Group Anagrams medium

Problem Statement

Given an array of strings strs, group the anagrams together. You can return the answer in any order.

An Anagram is a word or phrase formed by rearranging the letters of a different word or phrase, typically using all the original letters exactly once.

Example 1:

Input: strs = ["eat","tea","tan","ate","nat","bat"] Output: [["bat"],["nat","tan"],["ate","eat","tea"]]

Example 2:

Input: strs = [""] Output: [[""]]

Example 3:

Input: strs = ["a"] Output: [["a"]]

Steps

1. Create a Dictionary: Use a dictionary to store anagrams. The key will be a sorted string representation of each word (since anagrams have the same letters, just rearranged), and the value will be a list of strings that are anagrams of that key.
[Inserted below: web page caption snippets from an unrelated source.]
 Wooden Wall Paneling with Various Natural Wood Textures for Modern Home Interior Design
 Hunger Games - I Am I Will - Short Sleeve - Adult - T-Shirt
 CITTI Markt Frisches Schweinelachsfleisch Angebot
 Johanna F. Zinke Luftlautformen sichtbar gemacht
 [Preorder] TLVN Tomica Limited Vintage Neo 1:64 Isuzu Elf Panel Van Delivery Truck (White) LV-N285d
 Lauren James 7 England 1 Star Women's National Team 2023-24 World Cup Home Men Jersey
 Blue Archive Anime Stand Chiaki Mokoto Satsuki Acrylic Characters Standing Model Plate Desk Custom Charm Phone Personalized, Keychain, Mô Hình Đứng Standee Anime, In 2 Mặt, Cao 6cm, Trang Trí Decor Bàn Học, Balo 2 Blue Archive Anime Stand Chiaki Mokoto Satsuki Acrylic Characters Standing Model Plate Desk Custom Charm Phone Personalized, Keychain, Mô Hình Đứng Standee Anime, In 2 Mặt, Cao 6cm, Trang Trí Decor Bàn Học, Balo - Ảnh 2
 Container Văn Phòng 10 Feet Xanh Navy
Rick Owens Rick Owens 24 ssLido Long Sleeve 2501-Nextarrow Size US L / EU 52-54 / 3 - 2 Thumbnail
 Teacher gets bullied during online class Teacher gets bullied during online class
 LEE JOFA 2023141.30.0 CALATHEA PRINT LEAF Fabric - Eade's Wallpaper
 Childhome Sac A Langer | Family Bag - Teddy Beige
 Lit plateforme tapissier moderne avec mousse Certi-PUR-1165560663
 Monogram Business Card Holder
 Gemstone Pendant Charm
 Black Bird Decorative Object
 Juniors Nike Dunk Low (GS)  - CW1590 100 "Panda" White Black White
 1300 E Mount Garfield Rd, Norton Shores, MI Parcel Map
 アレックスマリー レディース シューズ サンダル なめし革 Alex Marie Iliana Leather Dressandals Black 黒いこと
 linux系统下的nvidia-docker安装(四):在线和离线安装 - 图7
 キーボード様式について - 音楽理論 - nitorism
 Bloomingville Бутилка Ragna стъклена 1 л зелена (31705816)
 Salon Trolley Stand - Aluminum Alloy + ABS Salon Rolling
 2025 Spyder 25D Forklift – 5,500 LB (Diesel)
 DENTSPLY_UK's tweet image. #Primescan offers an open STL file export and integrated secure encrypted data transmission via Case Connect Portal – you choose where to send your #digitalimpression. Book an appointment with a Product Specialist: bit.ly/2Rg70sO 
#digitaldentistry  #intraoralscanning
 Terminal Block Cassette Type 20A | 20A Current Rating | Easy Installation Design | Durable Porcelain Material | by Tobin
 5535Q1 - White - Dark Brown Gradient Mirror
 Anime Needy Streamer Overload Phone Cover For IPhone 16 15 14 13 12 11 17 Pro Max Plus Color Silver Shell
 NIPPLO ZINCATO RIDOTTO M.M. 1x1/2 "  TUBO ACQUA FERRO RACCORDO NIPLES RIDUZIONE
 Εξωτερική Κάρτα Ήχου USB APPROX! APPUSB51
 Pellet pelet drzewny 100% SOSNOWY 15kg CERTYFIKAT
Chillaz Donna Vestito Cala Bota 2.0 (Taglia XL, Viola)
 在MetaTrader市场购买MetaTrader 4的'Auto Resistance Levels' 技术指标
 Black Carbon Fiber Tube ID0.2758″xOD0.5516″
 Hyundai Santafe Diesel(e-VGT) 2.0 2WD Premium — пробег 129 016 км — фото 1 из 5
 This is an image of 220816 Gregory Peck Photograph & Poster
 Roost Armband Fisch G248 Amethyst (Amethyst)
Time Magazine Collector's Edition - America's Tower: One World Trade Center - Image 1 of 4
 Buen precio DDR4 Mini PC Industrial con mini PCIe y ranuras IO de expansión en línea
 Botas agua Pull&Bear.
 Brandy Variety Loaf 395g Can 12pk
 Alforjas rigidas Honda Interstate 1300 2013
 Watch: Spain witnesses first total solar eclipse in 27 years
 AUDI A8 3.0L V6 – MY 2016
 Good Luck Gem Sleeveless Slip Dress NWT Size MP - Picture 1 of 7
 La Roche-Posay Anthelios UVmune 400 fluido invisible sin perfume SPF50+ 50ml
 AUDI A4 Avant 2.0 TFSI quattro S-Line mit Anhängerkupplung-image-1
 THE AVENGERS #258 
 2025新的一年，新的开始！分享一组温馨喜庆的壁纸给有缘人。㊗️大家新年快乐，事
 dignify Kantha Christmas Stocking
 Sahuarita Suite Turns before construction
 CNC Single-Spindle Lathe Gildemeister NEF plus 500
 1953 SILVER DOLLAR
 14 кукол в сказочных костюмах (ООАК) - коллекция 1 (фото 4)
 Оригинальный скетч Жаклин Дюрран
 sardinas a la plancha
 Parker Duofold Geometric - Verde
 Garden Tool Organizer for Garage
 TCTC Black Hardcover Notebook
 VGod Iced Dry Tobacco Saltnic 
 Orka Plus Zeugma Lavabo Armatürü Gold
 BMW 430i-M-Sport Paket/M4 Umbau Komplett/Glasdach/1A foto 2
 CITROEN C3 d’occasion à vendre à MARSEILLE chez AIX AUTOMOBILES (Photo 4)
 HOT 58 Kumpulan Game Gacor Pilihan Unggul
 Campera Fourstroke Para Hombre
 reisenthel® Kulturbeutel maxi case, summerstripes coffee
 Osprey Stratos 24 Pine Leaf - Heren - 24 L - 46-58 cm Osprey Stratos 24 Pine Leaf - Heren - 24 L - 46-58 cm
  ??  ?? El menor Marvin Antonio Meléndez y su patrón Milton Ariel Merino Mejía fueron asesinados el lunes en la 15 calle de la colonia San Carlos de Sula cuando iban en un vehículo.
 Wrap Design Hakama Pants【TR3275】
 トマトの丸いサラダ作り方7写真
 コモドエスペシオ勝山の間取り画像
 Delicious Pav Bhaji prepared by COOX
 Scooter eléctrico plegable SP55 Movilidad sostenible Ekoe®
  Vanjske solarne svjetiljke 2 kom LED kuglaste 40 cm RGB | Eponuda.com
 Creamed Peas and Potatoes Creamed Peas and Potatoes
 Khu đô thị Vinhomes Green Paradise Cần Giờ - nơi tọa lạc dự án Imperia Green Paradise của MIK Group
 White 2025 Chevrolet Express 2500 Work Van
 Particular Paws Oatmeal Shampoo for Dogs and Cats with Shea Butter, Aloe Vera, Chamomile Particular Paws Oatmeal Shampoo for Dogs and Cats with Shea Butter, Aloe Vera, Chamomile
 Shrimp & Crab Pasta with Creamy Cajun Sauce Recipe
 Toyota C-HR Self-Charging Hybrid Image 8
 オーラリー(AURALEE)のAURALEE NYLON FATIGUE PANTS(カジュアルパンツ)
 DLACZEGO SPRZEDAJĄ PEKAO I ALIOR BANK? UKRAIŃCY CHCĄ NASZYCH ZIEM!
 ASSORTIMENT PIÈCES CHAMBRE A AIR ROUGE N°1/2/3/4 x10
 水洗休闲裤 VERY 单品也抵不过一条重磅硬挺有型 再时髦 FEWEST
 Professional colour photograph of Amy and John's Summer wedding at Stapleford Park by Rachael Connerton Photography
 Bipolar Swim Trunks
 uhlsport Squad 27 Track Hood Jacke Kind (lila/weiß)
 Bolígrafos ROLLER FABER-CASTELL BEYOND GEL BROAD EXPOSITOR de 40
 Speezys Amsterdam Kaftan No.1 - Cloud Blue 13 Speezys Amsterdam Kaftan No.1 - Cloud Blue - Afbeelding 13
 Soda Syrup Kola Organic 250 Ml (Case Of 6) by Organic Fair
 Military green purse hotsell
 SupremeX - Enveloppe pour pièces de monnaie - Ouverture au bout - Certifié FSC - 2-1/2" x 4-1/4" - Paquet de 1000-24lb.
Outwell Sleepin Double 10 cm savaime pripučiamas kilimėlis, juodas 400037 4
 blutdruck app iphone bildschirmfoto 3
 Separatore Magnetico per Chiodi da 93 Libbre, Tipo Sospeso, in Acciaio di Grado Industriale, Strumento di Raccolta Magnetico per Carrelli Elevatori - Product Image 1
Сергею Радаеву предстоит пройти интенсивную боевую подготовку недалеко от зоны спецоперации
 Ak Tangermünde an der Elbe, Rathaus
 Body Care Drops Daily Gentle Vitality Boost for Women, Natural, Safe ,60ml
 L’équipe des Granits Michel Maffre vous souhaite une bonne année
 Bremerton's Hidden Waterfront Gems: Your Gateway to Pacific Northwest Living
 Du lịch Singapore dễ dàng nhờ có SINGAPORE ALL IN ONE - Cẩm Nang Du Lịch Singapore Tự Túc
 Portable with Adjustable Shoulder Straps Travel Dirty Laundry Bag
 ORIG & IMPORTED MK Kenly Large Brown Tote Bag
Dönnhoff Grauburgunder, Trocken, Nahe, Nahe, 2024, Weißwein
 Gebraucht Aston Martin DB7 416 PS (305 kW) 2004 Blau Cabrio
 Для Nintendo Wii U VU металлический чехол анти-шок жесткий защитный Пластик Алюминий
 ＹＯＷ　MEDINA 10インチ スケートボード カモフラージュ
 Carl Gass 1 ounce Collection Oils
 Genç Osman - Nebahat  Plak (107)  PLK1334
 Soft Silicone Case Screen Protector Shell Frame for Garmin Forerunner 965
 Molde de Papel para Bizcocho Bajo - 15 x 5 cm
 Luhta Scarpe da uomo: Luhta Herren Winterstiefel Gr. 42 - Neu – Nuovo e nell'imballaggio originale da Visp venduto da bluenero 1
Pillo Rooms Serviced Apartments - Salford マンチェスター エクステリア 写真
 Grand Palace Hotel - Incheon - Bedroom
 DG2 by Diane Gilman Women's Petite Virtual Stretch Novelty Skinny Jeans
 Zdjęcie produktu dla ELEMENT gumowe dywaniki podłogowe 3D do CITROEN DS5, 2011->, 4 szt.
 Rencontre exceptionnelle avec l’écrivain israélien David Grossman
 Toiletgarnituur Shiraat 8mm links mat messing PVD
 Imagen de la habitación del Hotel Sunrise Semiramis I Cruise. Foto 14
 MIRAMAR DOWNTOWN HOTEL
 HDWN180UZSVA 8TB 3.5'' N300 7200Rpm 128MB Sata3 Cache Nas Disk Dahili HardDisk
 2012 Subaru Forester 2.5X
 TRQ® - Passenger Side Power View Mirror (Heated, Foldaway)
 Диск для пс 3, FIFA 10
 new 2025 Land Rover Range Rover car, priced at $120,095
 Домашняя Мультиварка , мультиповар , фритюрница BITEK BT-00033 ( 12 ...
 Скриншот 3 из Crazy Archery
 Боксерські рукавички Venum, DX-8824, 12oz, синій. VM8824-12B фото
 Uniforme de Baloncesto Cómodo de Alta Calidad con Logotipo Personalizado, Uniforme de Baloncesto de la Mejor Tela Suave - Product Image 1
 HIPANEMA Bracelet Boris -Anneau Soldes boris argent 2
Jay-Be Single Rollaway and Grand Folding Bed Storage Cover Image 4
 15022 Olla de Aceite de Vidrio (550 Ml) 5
2. Iterate Through Strings: Iterate through each string in the input array strs.

3. Sort and Use as Key: For each string, sort its characters alphabetically. This sorted string becomes the key in our dictionary.

4. Add to Dictionary: If the sorted string (key) already exists in the dictionary, add the original unsorted string to its corresponding list (value). Otherwise, create a new entry in the dictionary with the sorted string as the key and a new list containing the original string as the value.

5. Return Values: Finally, return a list containing all the lists of anagrams (the values from the dictionary).

Explanation

The core idea is to use the sorted representation of each word as a unique identifier for its anagram group. Sorting ensures that different arrangements of the same letters will produce the same key. The dictionary efficiently groups anagrams based on this sorted key.

Code (C#)

using System;
using System.Collections.Generic;
using System.Linq;

public class Solution {
    public IList<IList<string>> GroupAnagrams(string[] strs) {
        Dictionary<string, List<string>> anagramGroups = new Dictionary<string, List<string>>();

        foreach (string str in strs) {
            char[] charArray = str.ToCharArray();
            Array.Sort(charArray);
            string sortedStr = new string(charArray);

            if (anagramGroups.ContainsKey(sortedStr)) {
                anagramGroups[sortedStr].Add(str);
            } else {
                anagramGroups[sortedStr] = new List<string>() { str };
            }
        }

        return anagramGroups.Values.ToList();
    }
}

Complexity

• Time Complexity: O(M * N * log N), where N is the average length of strings and M is the number of strings. The dominant factor is sorting each string (O(N * log N) per string), which we do M times.

• Space Complexity: O(M * N) in the worst case. This happens when all strings are anagrams of each other, resulting in one large list in the dictionary. In the best case (no anagrams), it's O(M). The space is primarily used to store the dictionary and its lists.